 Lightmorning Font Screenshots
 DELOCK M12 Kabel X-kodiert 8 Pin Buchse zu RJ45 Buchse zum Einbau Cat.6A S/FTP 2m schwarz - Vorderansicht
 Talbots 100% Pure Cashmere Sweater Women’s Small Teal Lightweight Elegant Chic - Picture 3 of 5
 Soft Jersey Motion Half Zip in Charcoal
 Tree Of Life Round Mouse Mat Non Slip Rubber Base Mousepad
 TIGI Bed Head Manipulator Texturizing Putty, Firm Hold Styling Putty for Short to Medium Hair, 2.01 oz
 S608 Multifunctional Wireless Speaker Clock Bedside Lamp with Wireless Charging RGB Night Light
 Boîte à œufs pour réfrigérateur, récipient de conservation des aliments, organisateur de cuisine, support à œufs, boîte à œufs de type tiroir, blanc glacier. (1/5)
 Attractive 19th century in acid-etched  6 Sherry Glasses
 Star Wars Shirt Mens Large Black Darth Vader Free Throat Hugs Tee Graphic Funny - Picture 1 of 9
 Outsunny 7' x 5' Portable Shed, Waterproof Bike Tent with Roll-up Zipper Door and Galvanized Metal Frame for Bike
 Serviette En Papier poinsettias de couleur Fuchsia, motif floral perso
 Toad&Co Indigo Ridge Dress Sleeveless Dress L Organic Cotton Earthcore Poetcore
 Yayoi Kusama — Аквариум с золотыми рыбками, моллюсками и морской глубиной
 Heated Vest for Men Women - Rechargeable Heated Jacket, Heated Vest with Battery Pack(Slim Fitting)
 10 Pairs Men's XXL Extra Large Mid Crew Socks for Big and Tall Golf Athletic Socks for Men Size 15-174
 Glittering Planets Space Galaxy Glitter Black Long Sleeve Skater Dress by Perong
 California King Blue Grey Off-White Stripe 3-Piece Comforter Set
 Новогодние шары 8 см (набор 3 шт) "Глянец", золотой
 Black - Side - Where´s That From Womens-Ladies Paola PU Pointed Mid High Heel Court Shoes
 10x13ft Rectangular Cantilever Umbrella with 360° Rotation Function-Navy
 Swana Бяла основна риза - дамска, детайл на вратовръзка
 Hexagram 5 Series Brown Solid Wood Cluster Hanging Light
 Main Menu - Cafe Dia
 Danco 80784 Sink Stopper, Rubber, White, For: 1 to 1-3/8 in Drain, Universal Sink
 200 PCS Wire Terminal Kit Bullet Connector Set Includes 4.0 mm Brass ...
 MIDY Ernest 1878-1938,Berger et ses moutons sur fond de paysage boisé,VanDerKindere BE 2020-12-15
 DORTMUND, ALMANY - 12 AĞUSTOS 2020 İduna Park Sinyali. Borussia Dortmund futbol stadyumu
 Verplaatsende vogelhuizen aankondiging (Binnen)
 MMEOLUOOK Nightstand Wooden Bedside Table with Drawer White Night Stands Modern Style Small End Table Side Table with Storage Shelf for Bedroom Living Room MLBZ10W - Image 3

» **PROBLEM**
Search the material for the string "Black" and return each line that has it.

» **RESULT**
 Star Wars Shirt Mens Large Black Darth Vader Free Throat Hugs Tee Graphic Funny - Picture 1 of 9
 Glittering Planets Space Galaxy Glitter Black Long Sleeve Skater Dress by Perong
 Black - Side - Where´s That From Womens-Ladies Paola PU Pointed Mid High Heel Court Shoes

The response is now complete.